El Salvador Gang Truce Expanded to Include Extortion (REPORT)
(Video Al Jazeera)
El Salvador’s involvement in a truce between the country’s two major street gangs has grown, with the government now pursuing a reduction in gang extortion in addition to homicides.
Although the daily homicide rate has declined sharply since 30 leaders of the MS-13 and Barrio 18 gangs were transported to a more relaxed prison facility in March, reports of extortion have continued and even risen in some departments, according to the country's Attorney General.
Transportation unions in particular have reported an increase in the monetary losses incurred by gang extortions.
Straying from prior denials of government involvement in the negotiations, La Prensa Grafica reports that Justice and Security Minister David Munguia Payes has stated that “the government cannot sit down to negotiate with criminal groups, but if other institutions do, we will facilitate the dialogue.” The Church and former congressman Raul Mijango have already initiated efforts to negotiate a reduction in extortions with the gangs.
Munguia claimed that he is unsure of what the gang leaders will ask for in exchange for a reduction in extortions, but the government is prepared to do whatever is necessary to facilitate a dialogue, so long as concessions remain within the scope of the law.
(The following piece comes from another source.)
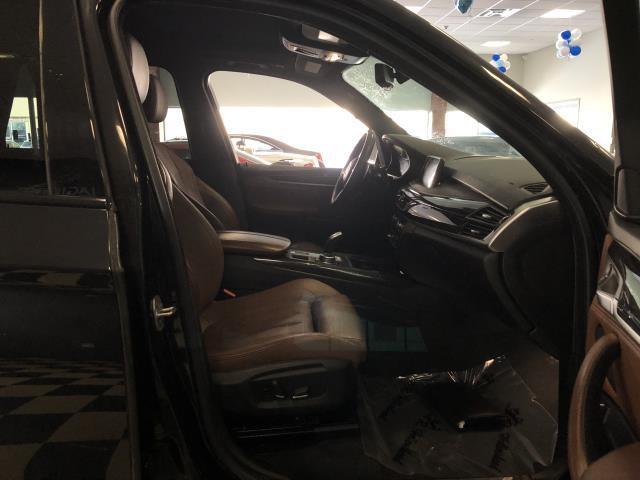 Used BMW X5 AWD 4dr 50i 2014 | Northshore Motors. Syosset , New York Used BMW X5 AWD 4dr 50i 2014 | Northshore Motors. Syosset , New York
Currently, the government is considering some “gestures of goodwill” that gang leaders have requested, such as allowing imprisoned gangsters to be visited by their children, or lengthening the allowed visit time.
According to the minister, all the dialogue can do is “create opportunities.” If negotiations through Mijango and the Church are fruitless, the government will be forced to explore other options. However, he is convinced that the reduction in homicides that resulted from the truce can only be followed by a reduction in extortion, auto theft, and illicit arms acquisition.
The Salvadoran government’s continued facilitation of the discussion between the Church and the country’s two largest street gangs points to the state’s deepening investment in the deal.
The consideration of new concessions to curtail gang extortion also sheds light on the leverage that the gangs have in the negotiations.
Minister Munguia appears confident that dialogue between the Church and the gang leaders will lead to the decline of several criminal activities, but brokering a truce between two gangs at war is very different from convincing the groups to cease the activities that dictate their way of life.
Each of the myriad illicit activities that Salvadoran gangs engage in may require new government concessions.
As Insight has suggested, inadvertently delegating this kind of political power to gangs could compromise the justice system, as well as any peace that has already resulted from the negotiations.